Confidence Interval Formula

Confidence intervals can be calculated using the following formula:

\[ CI = \bar{X} \pm Z_{\alpha/2} \cdot \frac{\sigma}{\sqrt{n}} \]

Where:

  • \(\bar{X}\) is the sample mean.
  • \(Z_{\alpha/2}\) is the critical value from the Z-distribution corresponding to the desired confidence level.
  • \(\sigma\) is the population standard deviation.
  • \(n\) is the sample size.

Sample Mean and Confidence Interval Calculation

The sample mean and the standard error are used to estimate the confidence interval as follows:

\[ \text{Sample Mean} = \frac{1}{n} \sum_{i=1}^n X_i \]

\[ \text{Standard Error} = \frac{s}{\sqrt{n}} \]

Where \(s\) is the sample standard deviation, calculated as:

\[ s = \sqrt{\frac{1}{n-1} \sum_{i=1}^n (X_i - \bar{X})^2} \]

Calculating the CI for Sample Mean

  • This slide shows the calculated confidence interval for a random sample of 100 data points, where the data was generated to have a mean of 170 and a standard deviation of 10.
  • The Sample Mean represents the average height of the individuals in the sample, and we calculate the 95% Confidence Interval for this mean.

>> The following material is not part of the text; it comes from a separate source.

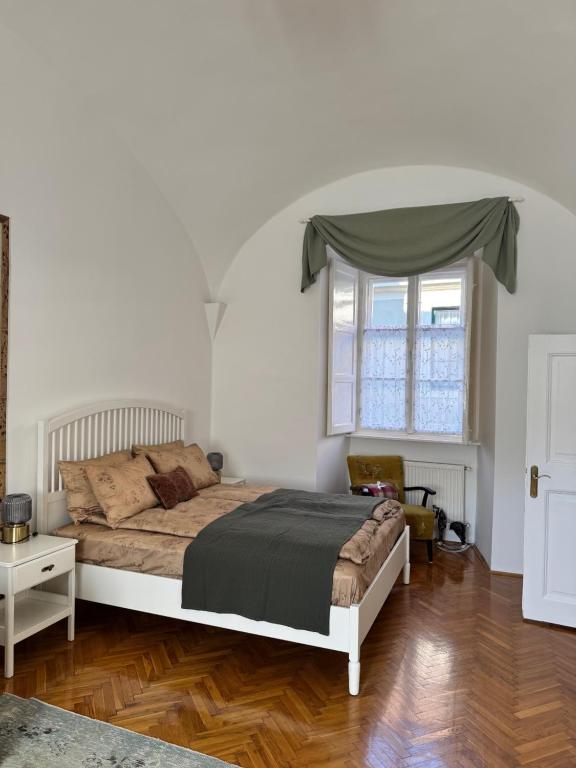 a bedroom with a large bed and a window at Forst Apartman in Eger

This interval provides a range in which we can expect the true population mean to lie, with a 95% level of confidence.
  • The lower bound (CI_Lower) and upper bound (CI_Upper) of this confidence interval are shown below:
95% Confidence Interval for Sample Mean
Sample_Mean CI_Lower CI_Upper
170.9 169.11 172.69

New

  • The following R code was used to create the histogram on the previous slide showing the sampling distribution along with the 95% confidence interval for the sample mean.

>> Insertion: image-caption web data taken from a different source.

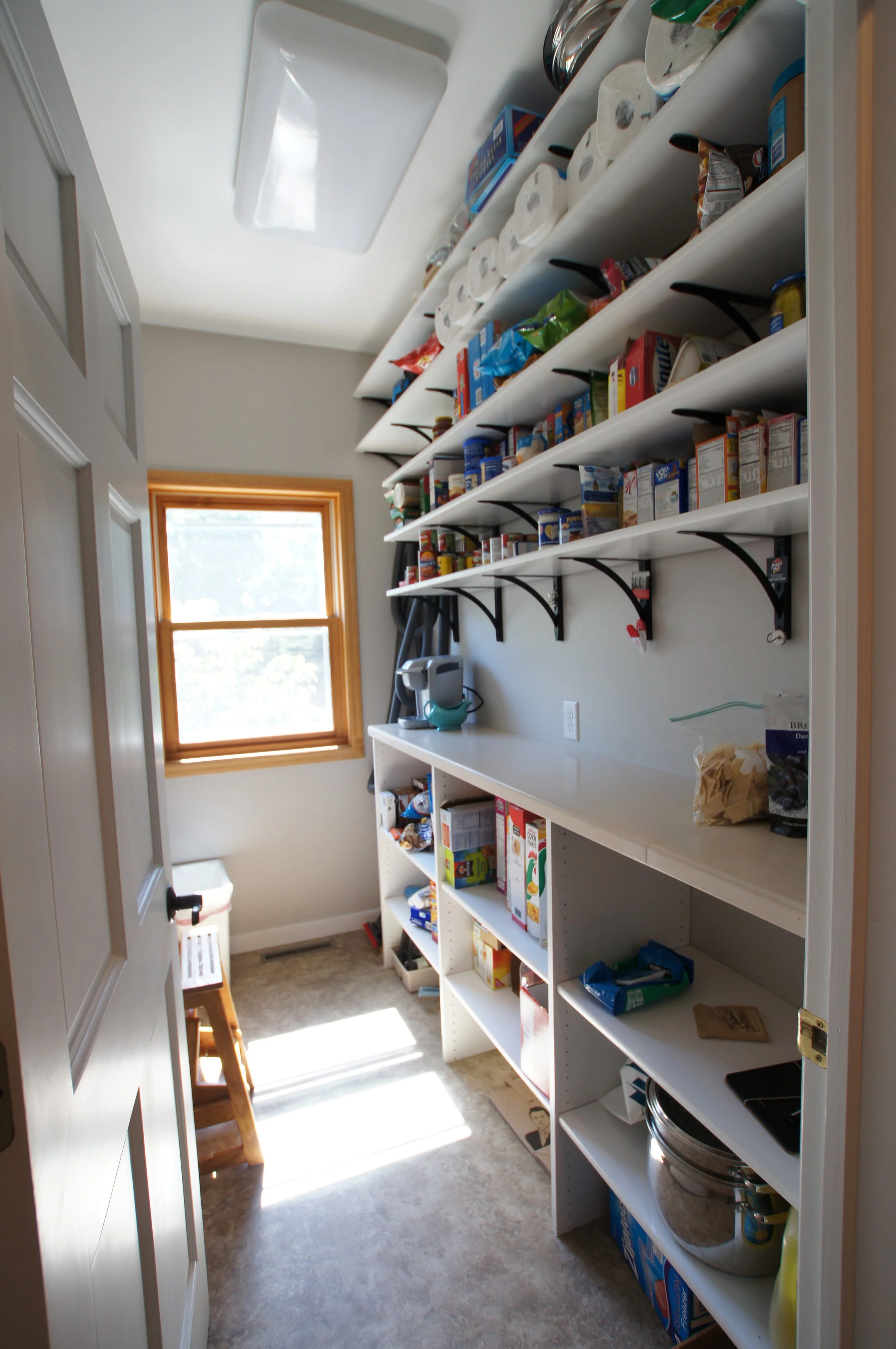 A small pantry with shelves filled with canned goods, snacks, and paper towels, a window letting in sunlight, and a small countertop with a coffee maker.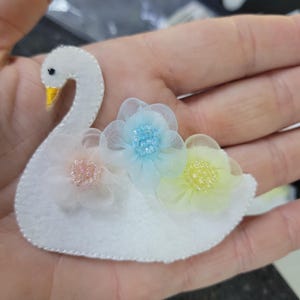 May include: A white felt swan applique with a yellow beak and black eye. The swan is decorated with three pastel-colored fabric flowers: pink, light blue, and yellow. The applique is designed for crafts and embellishments.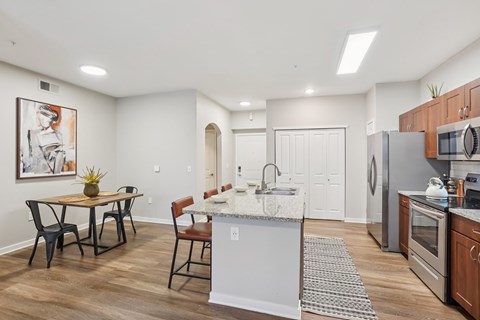 A kitchen with a table and chairs in the foreground and a refrigerator, microwave, and oven in the background.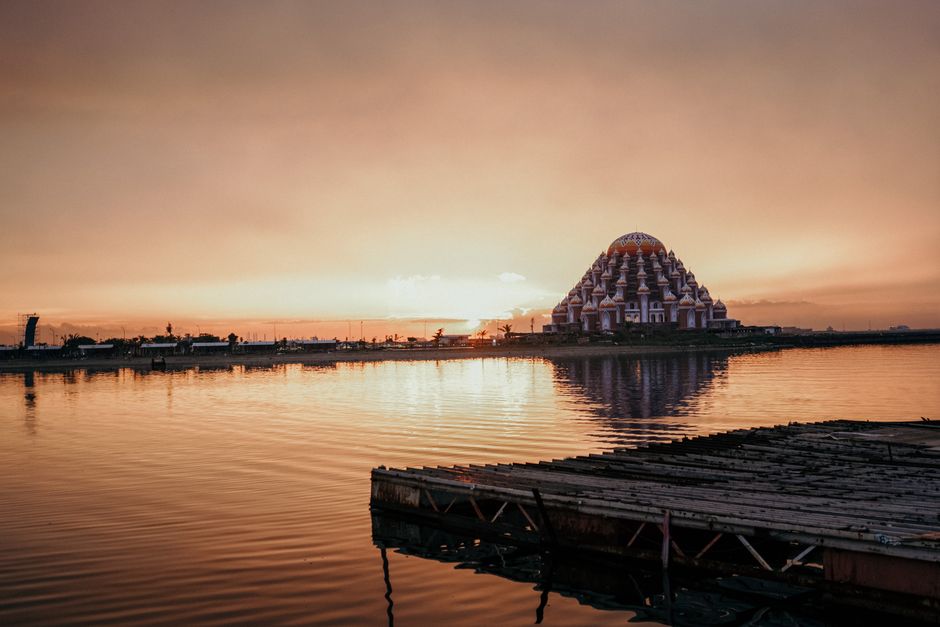 Capture of Makassar's Floating Mosque at sunset reflecting over calm waters. (photo by wsdidin on Pexels)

ggplot(data.frame(data), aes(x = data)) + geom_histogram(aes(y = ..density..), bins = 20, color = “black”, fill = “lightblue”) + geom_vline(xintercept = sample_mean, color = “blue”, linetype = “dashed”, size = 1) + geom_vline(xintercept = ci_lower, color = “red”, linetype = “dashed”, size = 0.8) + geom_vline(xintercept = ci_upper, color = “red”, linetype = “dashed”, size = 0.8) + labs(title = “Sampling Distribution with 95% Confidence Interval”, x = “Sample Data”, y = “Density”)